If your model was a real house, it looks like it would fit in with the real houses in my neighborhood. We live in a historic neighborhood with alot of homes that were built around 1880 to 1910. Our house was built in 1911 and has the same kind of entrance with side windows around the dooor. When I watch Psycho, I think that could be our door. There are some homes built similar in style to the Bates house, but, none of the houses have the same roof as the the Bates house. Below is our house when it was on fire before we bought it. Talk about weathering. No one was injured in this fire and the house since been fixed up like new.


----------



## ShadOAB (Apr 29, 2007)

Enjoy the next 3 pictures as I will begin the weathering process.


add a chimney while you're at it.


----------



## Ravenauthor (Jan 24, 2004)

Psycho IV where Norman recalls his childhood shows the house as if it looks new. I believe the house was yellow. I do not know if this was artistic licensing or if Robert Bloch mentioned the original color of the house in the original novel.


----------



## Roland (Feb 4, 1999)

Madcap Romanian, 

Norman's house was probably taken care of better when his mother was alive. 
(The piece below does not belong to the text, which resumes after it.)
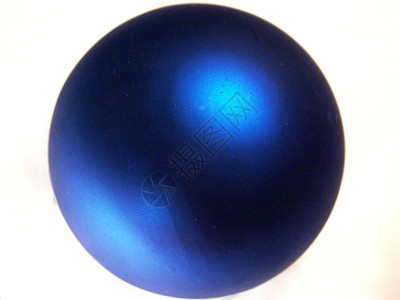 圣诞节装饰蓝色瓶子气球灯泡玻璃背景图片
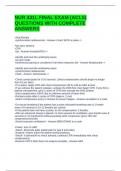 NUR 431L FINAL EXAM &lpar;ACLS&rpar; QUESTIONS WITH COMPLETE ANSWERS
Will you place the Bates home into your railroad diorama too? It might look neat to put the Munsters house and the Addam's Family house in there too, while you're at it. Mabey "Dracula's castle" up on a mountain somewhere?

Roland


----------



## MadCap Romanian (Oct 29, 2005)

Hi guys! ThanX for the comments!

Vollmer has a Vampire's Villa house that smokes. I will get that in the future. I still haven't decided if I should put the house on the Layout or not. The problem is that I would have to build the Bates Motel at the bottom of the hill, and that takes up a lot of room that I'm devoting to other buildings.

I'm also not sure about what season I should put the house in. They primarily show it in a desert setting with lots of sagebrush and a dusty landscape. I wonder how the house would look if it were in a snow scene?

Yesterday my wife and I went to Wal-Mart and found a DVD with Psycho 2,3&4 on it. (They didn't have Psycho #1. I guess it's only avalible on a Hitchcock DVD set.) After viewing these 3 movies, I came to some new conclusions.....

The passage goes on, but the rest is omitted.